I guess the main attractor for this method would be that it would probably take a lot of the menial labor out of creating cities, as one would not have to manually place or draw out the borders of every building, allowing for focus to be put on other things. Though probably unlikely to the extreme, a highly evolved version of this method could conceivably be incorporated into fully procedurally generated levels for the Quick Action gamemodes, providing for interesting, randomized scenarios, like destruction of key targets in a new city, or just different looking, randomly generated terrain maps, with enemies and buildings distributed across them, with different kinds of missions for each restart.

References:

City generation
Johnwhigham.blogspot.com
Johnwhigham.blogspot.com
Autogen
Msdn.microsoft.com

Edited by: IbizenThoth

Jun 19 2013 Anchor

Yes. This is good. We need something like this.

TimeSymmetry, I certainly hope you can integrate this into the game. We need urban maps.

Jun 19 2013 Anchor

I'd rather have these procedural generators in the mission editor than in the actual game, that way the city looks the same every time you play. The buildings would still be stored in the mission file but the editor would write that automatically. tHis would also allow the mission script to interact with any building on the map easily.

MyHatismyFriend
MyHatismyFriend Synchronized Drowning Expert
Jun 20 2013 Anchor

I always thought that one of the more jarring elements in Ace Combat was looking down at the 2D houses when flying at low level. Perhaps we could implement a "render distance"-type thing that spawns buildings in a circle around the aircraft, and despawn them when not visible.

IbizenThoth
IbizenThoth Gun-crazy
Jun 20 2013 Anchor

I was under the impression that Vector Thrust's engine adjusted level of detail by distance automatically.

___________________________________

Discovered another city generation project similar to Whigham's project, but it seems to use no texture or geometry assets. Based on the code of another, slightly simpler, gridded procedural city project by a man named Shamus Young. His blog also seems to feature a few other procedural landscape generator programs he built. One called Terrain (source code for this is released), another called Project Frontier (source released), and another called Project Octant. He did some really nice write-ups on his development process, which were pretty interesting reads, in of themselves.

Edited by: IbizenThoth

Jun 24 2013 Anchor

A Procedural Generation could have been a viable possibly.
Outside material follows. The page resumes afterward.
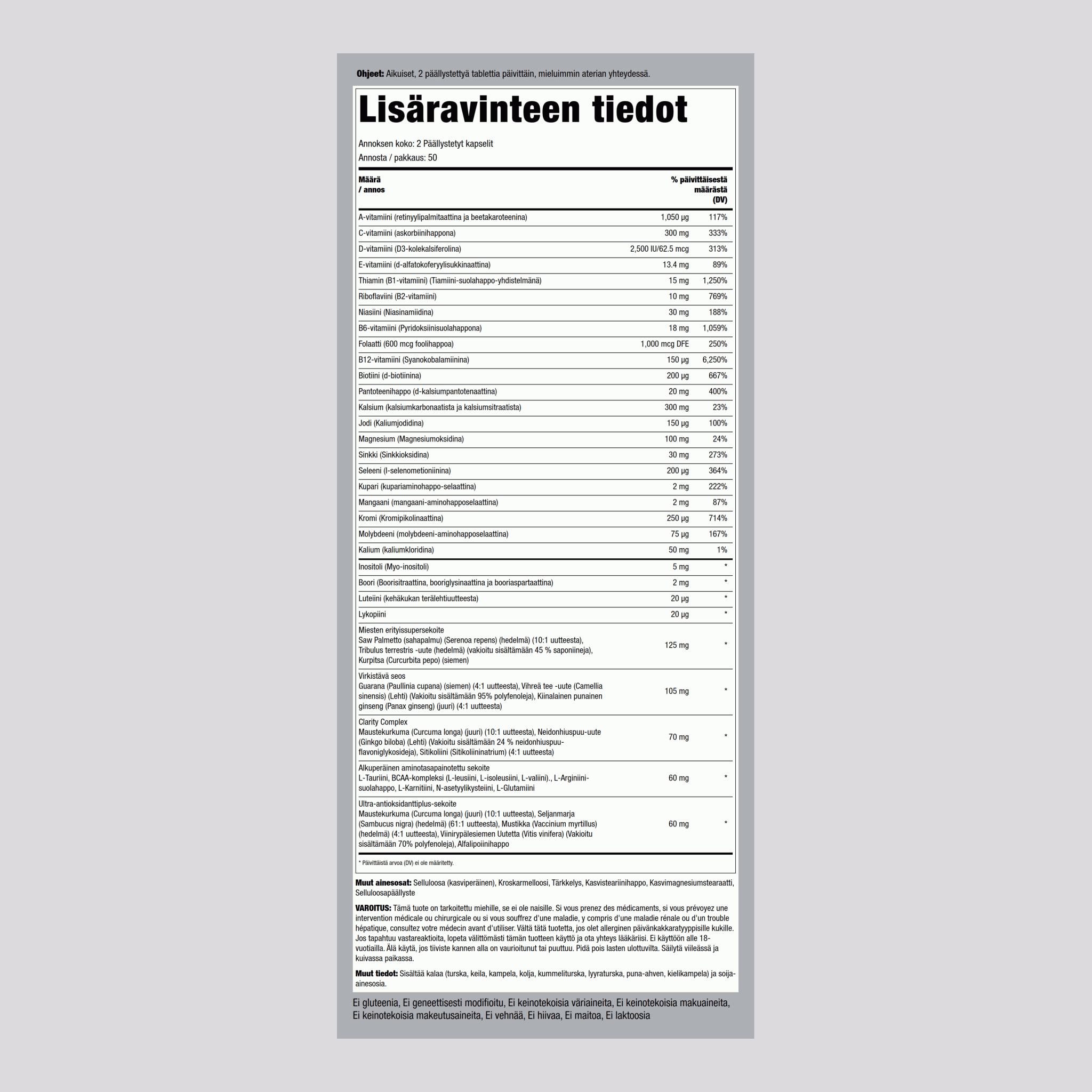 Mega Multiple miehille 50+ 100 Päällystetyt kapselit       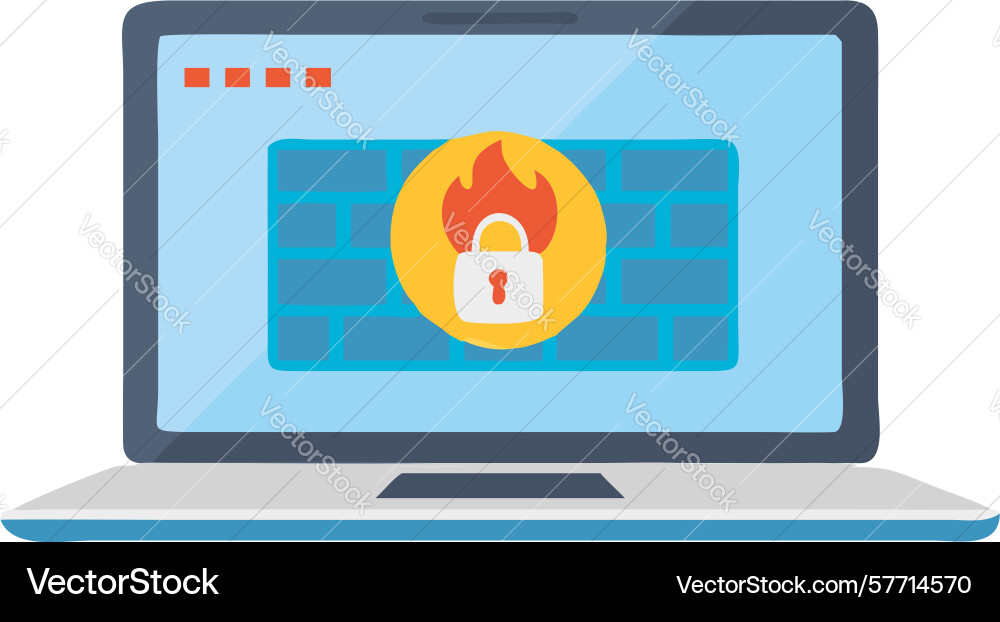 Laptop with firewall security icon data vector image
However random placed buildings don’t work so well as trees.

If the generator was built around a set of rules that resulted in a believable generation it still would have remained other problem. The placement location, and I don’t mead avoiding placing on top of roads or something else, to have a greater effect, a building should be placed above a matching outline in the texture. This kind of work must be done by the map maker, because even if there was a generator that worked perfectly, the map maker would probably had to input so much validation data that it would be better if made it by himself.

But yes, the game engine already controls the level of detail and create low polygon models on the fly.

IbizenThoth
IbizenThoth Gun-crazy
Jun 25 2013 Anchor

From what I read, buildings were placed automatically based on the size of generated "lots" in the more advanced generators. The rule was that the building always had to be smaller than the outline, and did not seem to necessitate that the buildings match the lot outlines exactly, since buildings don't necessarily do that in reality either. If we ignore trying to implement autogen in combination with procedural generation and think of placing simple 10-20 poly buildings, it does not seem as if the problem is insurmountable, as the buildings do not need to match the outlines directly in that case, instead acting more like how a person chooses to build a certain way on a lot once it is purchased.